C'est Poutine qui parle dans le roman : "Mets-toi une chose en tête, Vadia, les marchands n'ont jamais dirigé la Russie. Et tu sais pourquoi ? Parce qu'ils ne sont pas capables d'assurer les deux choses que les Russes demandent à l'Etat : l'ordre à l'intérieur et la puissance à l'extérieur."
"Il s'agissait de mobiliser toutes les ressources, tous les éléments de force de la Russie pour retrouver notre place sur la scène mondiale. Une démocratie souveraine, tel était l'objectif. Pour le réaliser, nous avions besoin d'hommes d'acier, capables d'assurer la fonction primordiale de tout Etat : être une arme de défense et d'attaque. Cette élite existait déjà. c'était les siloviki, les hommes des services de sécurité. Poutine était un des leurs. Le plus puissant, le plus avisé. Le plus dur. Mais toujours un des leurs. (...) Il les a placés un à un dans des positions de commandement. Au sommet de l'Etat, certes, mais aussi à la tête d'entreprise privées, qu'il a récupérées une à une des mains des affairistes des années quatre-vingt-dix. L'énergie, les matières premières, les transports, les communications. Les hommes de la force ont remplacé les oligarques dans tous les secteurs. C'est ainsi qu'en Russie l'Etat est redevenu la source de toute chose."
"Débarrassée de mes conjectures, la vérité apparaissait pour ce qu'elle était. L'Empire du tsar naissait de la guerre et il était logique qu'à la fin il retournât à la guerre. C'était cela la base inébranlable de notre pouvoir, son vice original. Au fond, si on y regardait de près, avions-nous jamais bougé de là ?"

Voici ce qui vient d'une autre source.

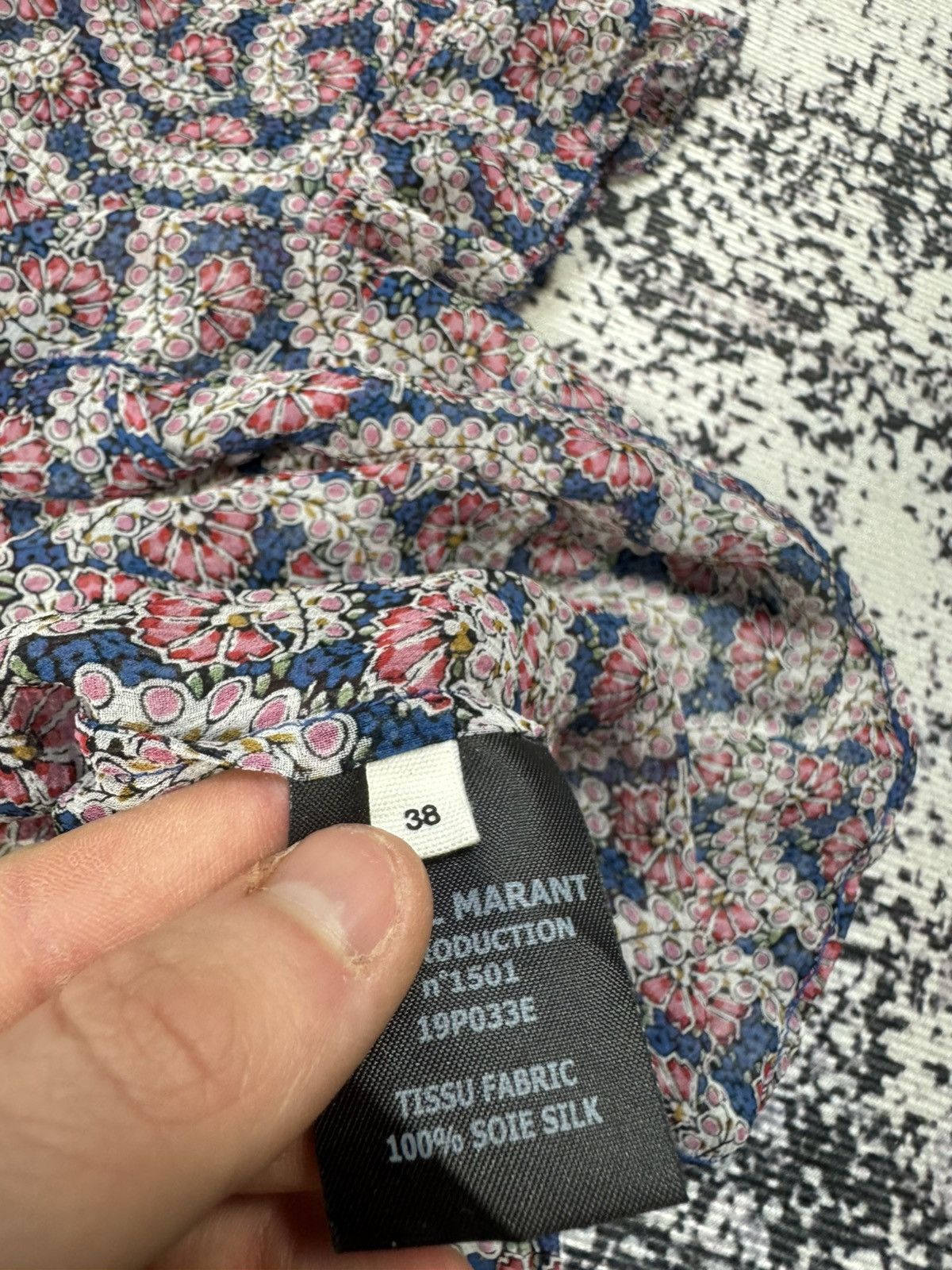 Designer × Isabel Marant Isabel Marant shirt Top Silk Womens Colorful Size US M / EU 48-50 / 2 - 5 Thumbnail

"La gentillesse de l'Europe, ses lumières d'en bas qui dissimulent la cruauté du monde, le moment était venu d'y renoncer. Au fond de moi, j'avais toujours su que ce moment viendrait ; depuis la première fois que mes yeux avaient rencontré le regard du Tsar. Il n'y avait rien d'européen dans ce regard, rien de doux. Seulement la détermination d'une nécessité qui ne tolère pas d'entraves."
(1) Giuliano Da Empoli, "Le Mage du Kremlin", Gallimard, 2022.
(2) https://www.telerama.fr/livres/le-mage-du-kremlin-3-16556746.php
(3) Boris Abramovitch Berezovsky est un homme d'affaires et homme politique russe, né à Moscou en 1946 et mort en 2013 (à 67 ans) à Ascot dans le Berkshire (Wikipedia).
1 commentaire:
Lugubres citations. C'est sans doute aussi, espérons, la guerre qui sera le tombeau du Tsar Poutine. Certains disent que la ville de Kherson sera "son Stalingrad" - s'il la perd, bien entendu. Ceci étant, la verticalité du pouvoir est une très vieille constante en Russie, qui remonte à la domination mongole de deux siècles. C'est sur ce point que le "petit frère" ukrainien a connu un parcours très différent de celui du "grand frère russe". Voir à ce sujet le livre très éclairant (encore un !) de l'historien autrichien, "Russes et Ukrianiens, les frères inégaux" (CNRS éditions, 2022). Mais cette verticalité n'est pas une fatalité, bien évidemment.